Questa formalizzazione si estende a tutti gli altri elementi collegati al bonsai, in primis al vaso, il cui peso ed importanza incidono enormemente nell’armonia del bonsai inteso come abbinamento albero-vaso. I vasi (in gres) non smaltati sono solitamente considerati maschili e generalmente abbinati alle conifere.

I vasi smaltati invece, vengono considerati più femminili ed abbinati alle caducifoglie. A loro volta, i vasi con linee più squadrate e forme quadrate o rettangolari sono tendenzialmente shin, mentre gli altri si dividono tra gyō e sō.

Nel caso di un’esposizione bonsai, l’abbinamento albero-vaso va completata con altri elementi, quali il tavolino, l’elemento d’accompagnamento ed il kakejiku, ognuno di essi votato ad un’armonica simbiosi corale, ma in cui ognuno può incidere positivamente o negativamente sugli altri. L’esposizione classica del bonsai ne vede il suo posizionamento all’interno del tokonoma - nicchia espositiva tipica dell’architettura tradizionale giapponese, ed è volta ad omaggiare l’osservatore con le emozioni sussurrate dalla scena naturale espressa dall’armonia creata dal bonsai in relazione agli altri soggetti. In questo scenario metafisico che si dischiude dinanzi a noi, il bonsai è l’albero che racconta della natura in cui è immerso, l’elemento di accompagnamento, spesso una shitakusa (erbetta di compagnia) o un tempai (piccoli manufatti di bronzo raffiguranti solitamente animali) ne rappresenta la stagionalità (come accade per i kigo delle poesie haiku), ed il kakejiku (rotolo di stoffa o carta appeso verticalmente) ne completa la rappresentazione attraverso il dipinto o la calligrafia che mostra al suo interno.
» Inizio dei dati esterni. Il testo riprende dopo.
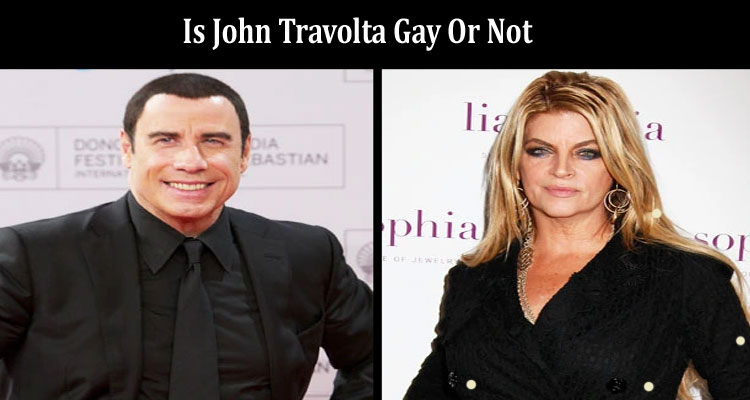 latest news Is John Travolta Gay Or Not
Un apparente labirinto, sempre più diramato e complesso, dove il raggiungimento dell’enfatizzazione del carattere e delle qualità del bonsai sembra soccombere sotto il peso di mille variabili incontrollabili… eppure stiamo parlando di un aspetto semplice, basilare, che siamo istintivamente portati a riconoscere. Così come per gli abbinamenti cromatici, per sottolineare un carattere anziché un altro, possiamo usare due banali strategie, quelle dell’affinità e del contrasto.

Nel primo caso l’enfatizzazione si raggiunge mettendo in risalto caratteristiche simili: ad un bonsai con un tronco sinuoso cercheremo di selezionare pochi rami con movimenti simili che possano maggiormente mettere in luce l’eleganza e la femminilità dell’esemplare. Nel secondo caso, l’obiettivo si raggiunge puntando l’attenzione su un qualcosa di completamente diverso: ad un bonsai apparentemente ‘neutro’ potremo abbinare un vaso molto squadrato e spigoloso così da far risultare l’insieme più maschile, o, con una scelta diametralmente opposta, sceglierne uno più morbido e colorato così da caratterizzare il tutto con aspetti più femminili.

Come sempre accade praticando quest’arte, anche in questo caso il bonsai si rivela un silente Maestro di vita, insegnandoci che la diversità è ricchezza, ed è per tale diversità che l’unicità diventa mirabile qualità e non bieco difetto.